Plus de prévention, moins de répression
Autre avancée depuis, la diminution des risques d’indus figure dans les objectifs fixés dans l’avenant n° 11 à la convention pharmaceutique signé le 20 juillet 2017 entre l’UNCAM et l’USPO. « Ce dossier est mis sur la table de travail pour que le rôle des commissions paritaires locales évolue vers davantage de prévention », indique le président de l’USPO. Pour ce faire, elles devront désormais analyser les éventuelles difficultés d’application de la réglementation et recommander, à la Commission paritaire régionale (CPR) et à la CPN, différentes actions permettant une mise en œuvre facilitée de ces dispositions réglementaires pour les pharmacies. « Les commissions paritaires pourront ainsi anticiper certaines problématiques, permettre une résolution en amont et éviter autant que possible des mesures répressives. Le but, quand un problème de prescription non conforme est détecté, est d’avertir le médecin avant d’embêter le pharmacien », explique Gilles Bonnefond qui attend lui aussi un signal fort de l’Assurance maladie. « Ce sera la preuve qu’elle considère le pharmacien comme un professionnel de santé qui, à ce titre, engage sa responsabilité pour assurer la continuité des soins », conclut-il.
À RETENIR
• Les règles de délivrance souvent complexes des médicaments chers exposent les officines à la récupération d’indus.

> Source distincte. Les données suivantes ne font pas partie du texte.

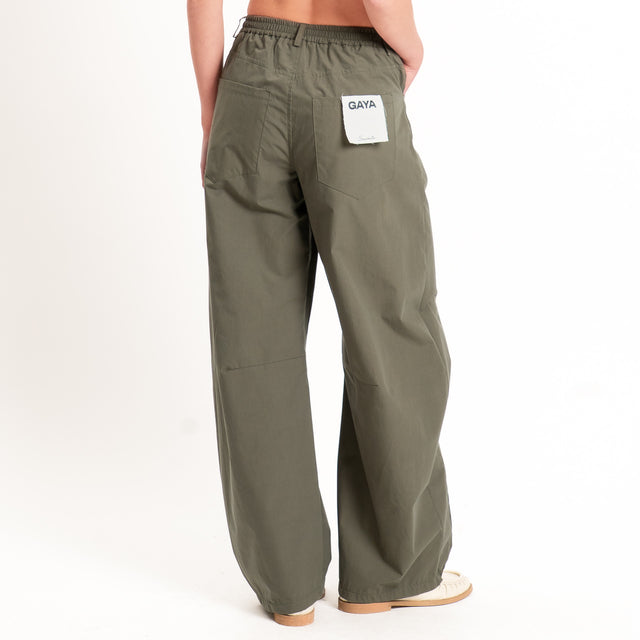 Souvenir-Pantalone GAYA barrel in popeline elasticizzato - militare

• Les caisses les plus rigides sur les textes réclament d’ailleurs des indus sur la totalité du montant qu’elles ont remboursé : le pharmacien perd non seulement sa rémunération, mais aussi la totalité du prix d’achat.
• Les pharmaciens sanctionnés une première fois hésitent à pratiquer ensuite le tiers payant en cas de non-conformité de l’ordonnance.
• Un cycle de réunions a démarré avec l’Assurance maladie, afin de trouver des modalités de récupération des indus moins pénalisantes.